Demasiada agonía en la piel de un Belmonte falto de energía. Demasiados clics visuales en los seis bailarines enfrentados al veterano torero –por momentos parecían más gladiadores que intérpretes de danza– y demasiados minutos de desfile corpóreo. Sobraron caras de susto entre el elenco y faltó una apuesta más vanguardista que llevara hasta al patio de butacas algo más que sudor y lágrimas. Con una coreografía que abusó de la repetición de cánones y del salto como ejemplo de espectacularidad, Belmonte fracasó en el propósito de celebrar con su reposición los 30 años de una, por otro lado, más que solvente compañía. La contemporaneidad bien entendida lleva inherente una transgresión y exploración continuas en las posibilidades del arte como medio –único– de expresión. Lo demás es recrearse en la comodidad del éxito, así pasen los años. Más de veinte han transcurrido desde que Gelabert impactara con este montaje concebido como metáfora de la lucha entre el instinto y la razón, entre la vida y la muerte. Pero el tiempo en la danza juega a ser ese verdugo que no perdona a quien se duerme en los laureles. Y hoy por hoy, este Belmonte necesita más vítores para sacarlo del albero.

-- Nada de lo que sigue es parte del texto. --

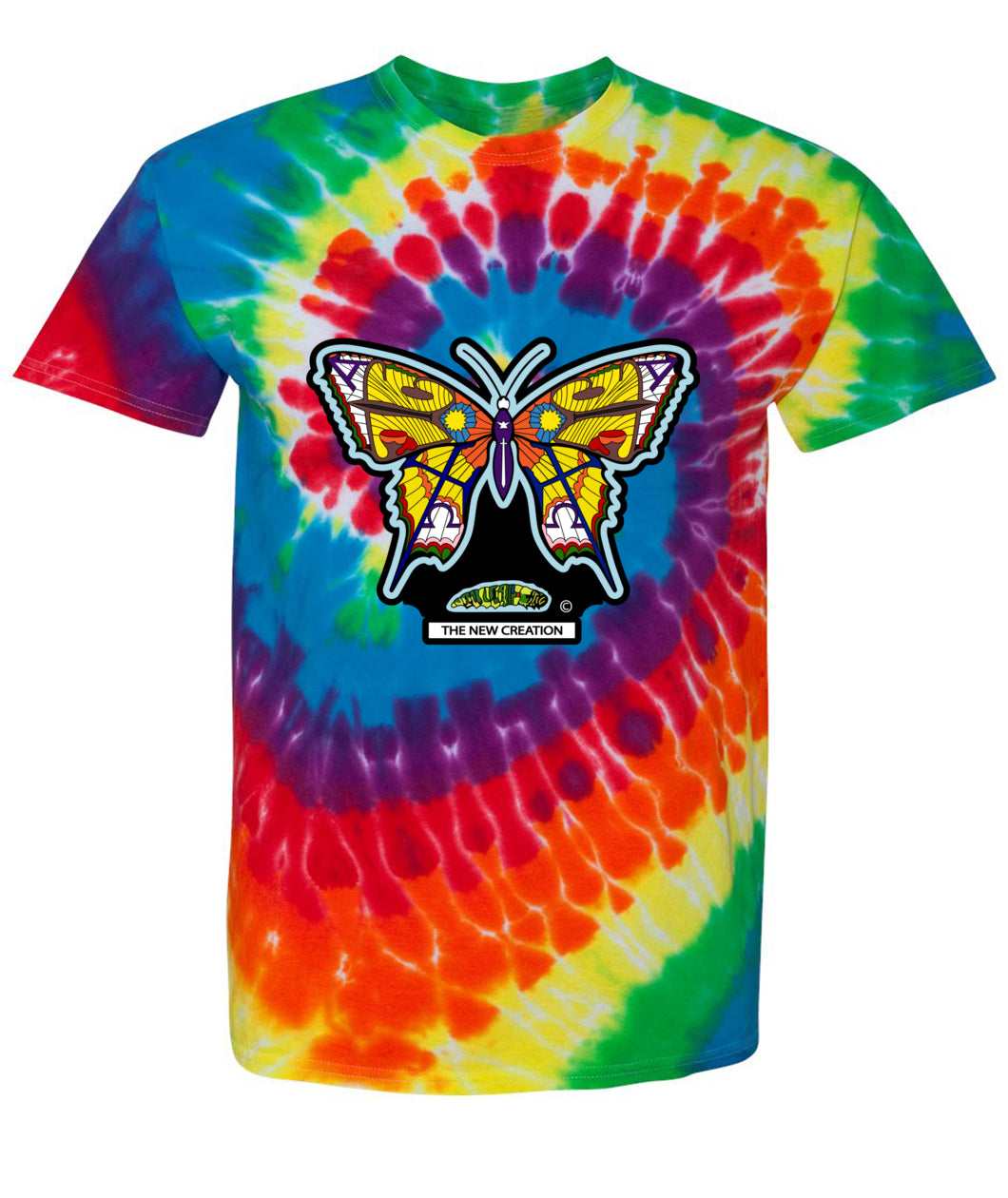 Tie - Dye T-Shirt | Gildan 5000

Por fortuna, los setenta minutos de prolongada contienda entre anatomías masculinas tuvieron sus puntuales flores en el desierto. Dos, para ser más exactos. Por un lado, el acertado vestuario de Frederic Amat, mediterráneo y vanguardista sin rozar el ridículo y, por encima de todo lo anterior, la música de Carles Santos, verdadero protagonista y conductor del relato. Rotunda, de precisa partitura y con una progresión rítmica que por sí sola hubiera bastado para narrar los episodios de victoria y derrota del torero. Lástima que el contrapunto femenino estuviera en la piel de una joven anodina en su rol de sufrida compañera, madre o amante castiza. Un ejemplo más de la falta de expresividad que necesitaba una historia tan catártica como la de este remedo de sangre y arena. Al menos, al terminar la función, la cuota de extranjeros soltó sus correspondientes oles, en agradecimiento ante la sobredosis de tipismo español que les habían regalado. Y nadie salió a hombros.